The project uses the GNU GPL license; I suggest you take a read over it before contributing anything to the project if you are not familiar with it. CVS is used to store the source tree, and point releases are made once in a while using the SourceForge release system. There should also be nightly CVS snapshots (they weren't quite put in at the time this was written - they may be now).

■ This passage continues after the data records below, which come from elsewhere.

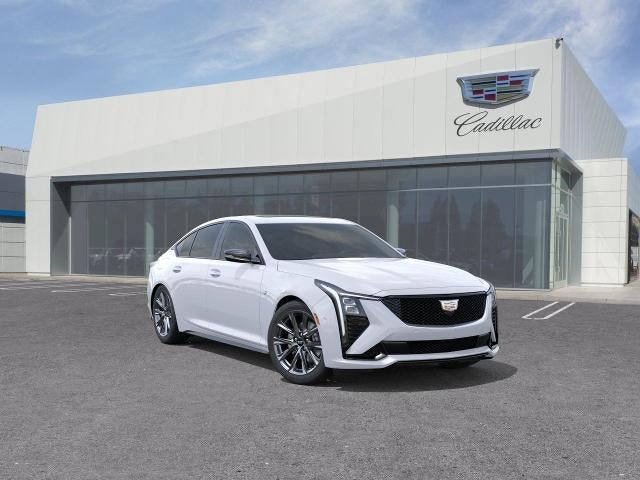 2026 Cadillac CT5 Sport in Vibrant White Tricoat — front three-quarter view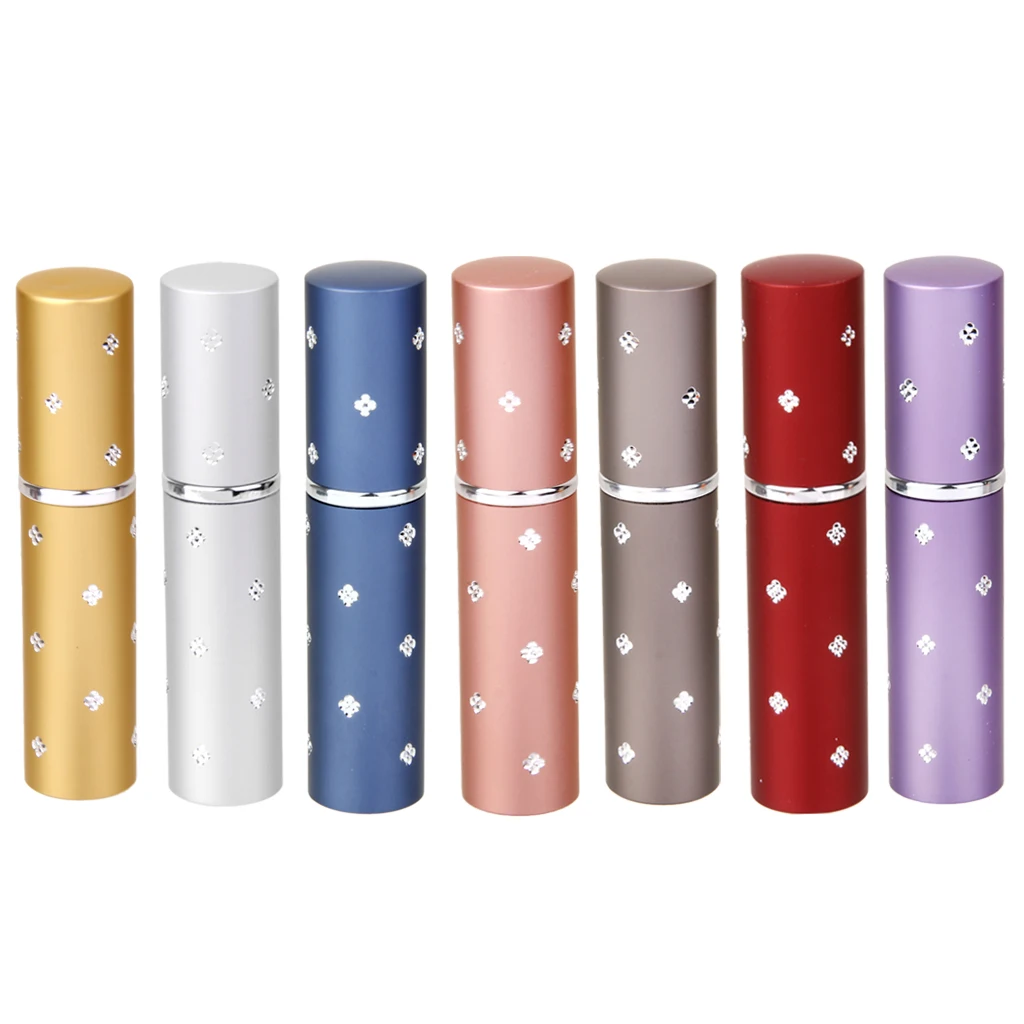 6ml Travel Purse Refillable Perfume Scent Aftershave Atomizer Empty Spray Bottle
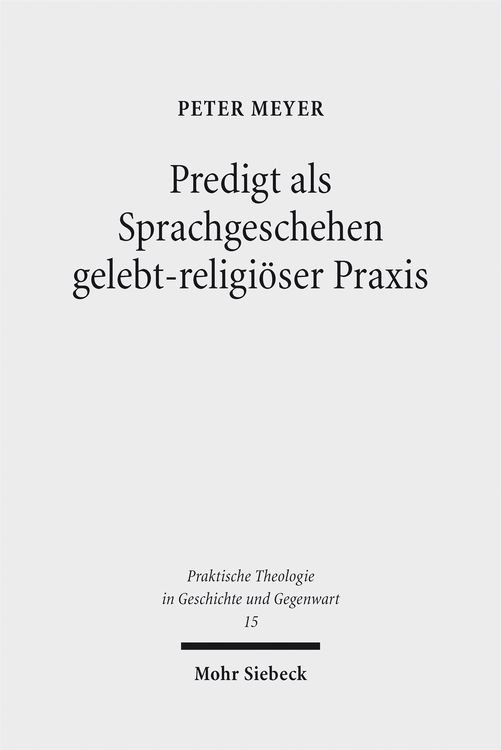 Produktbild: Predigt als Sprachgeschehen gelebt-religi&ouml;ser Praxis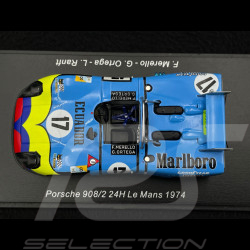 Porsche 908/2 n° 17 24h Le Mans 1974 Ortega Ecuador Marlboro Team 1/43 Spark S9789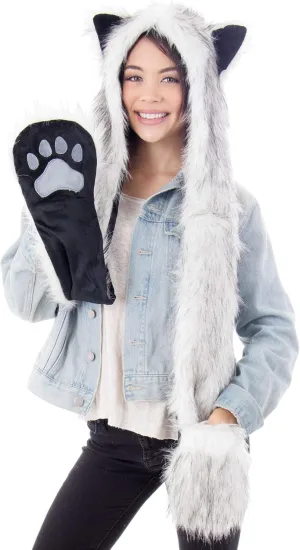 Simplicity 3-in-1 Multi-Functional Animal Hat, Scarf, & Mitten Combo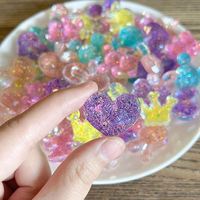 Effacer Glitter Résine Charmes Ours Coeur Lapin Couronne Paillettes Diy Décor pour Téléphone Cas Pince À Cheveux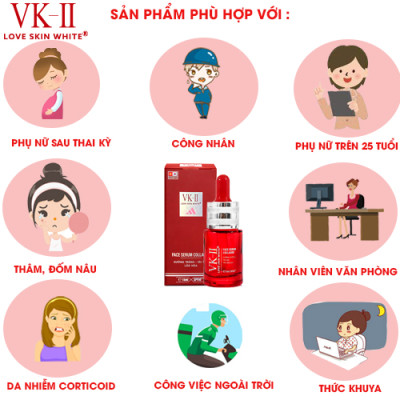 Serum Dưỡng Trắng - Tái Tạo - Trẻ Hóa Da VK II ( 15ml/35ml )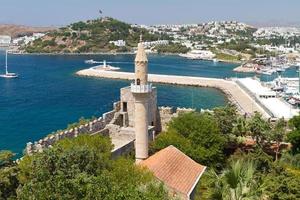 ciudad de bodrum de mugla, turquía foto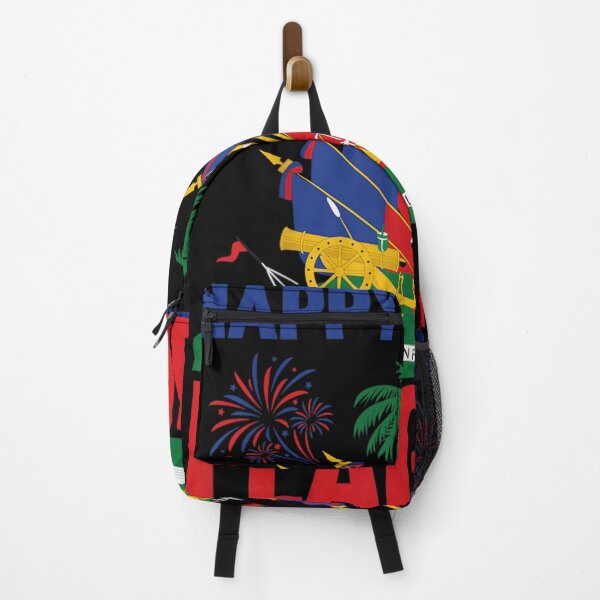 Item preview, Happy Haitian Flag Day Celebration With National Coat Of Arms Heritage designed and sold by MassonCalepon.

If you're interested in joining in, I suggest you do a CVS checkout of the latest source (see the download page). You may be interested in helping with core development, working on a (new?) front end or both. Either way, that's great - all contributions are welcomed, though that doesn't mean everything is accepted - if you send in an obfuscated, uncommented patch for the core that causes it to segfault whenever there is a full moon, it's probably not going to be applied. ;-). You will also need to subscribe to the AMaMP development mailing list - for help on how to do that, see

If you wish to make contributions (yay!), please send them as a unified diff to the mailing list (or ask for help if you don't know about doing that). Once you've made a few of posts and sent in some good patches, and provided people are in general agreement about it, a project admin will then make you a project developer, which will give you CVS commit access. The policy on this is:

1) If you know your patch is a simple fix or it does something that is in the to-do list:-
a) Check the thing you've changed compiles with your changes.
b) If/when we have a test suite, run it. (We really need one!)
c) Check it in (cvs commit)
d) Send a message to the list stating what you just checked in.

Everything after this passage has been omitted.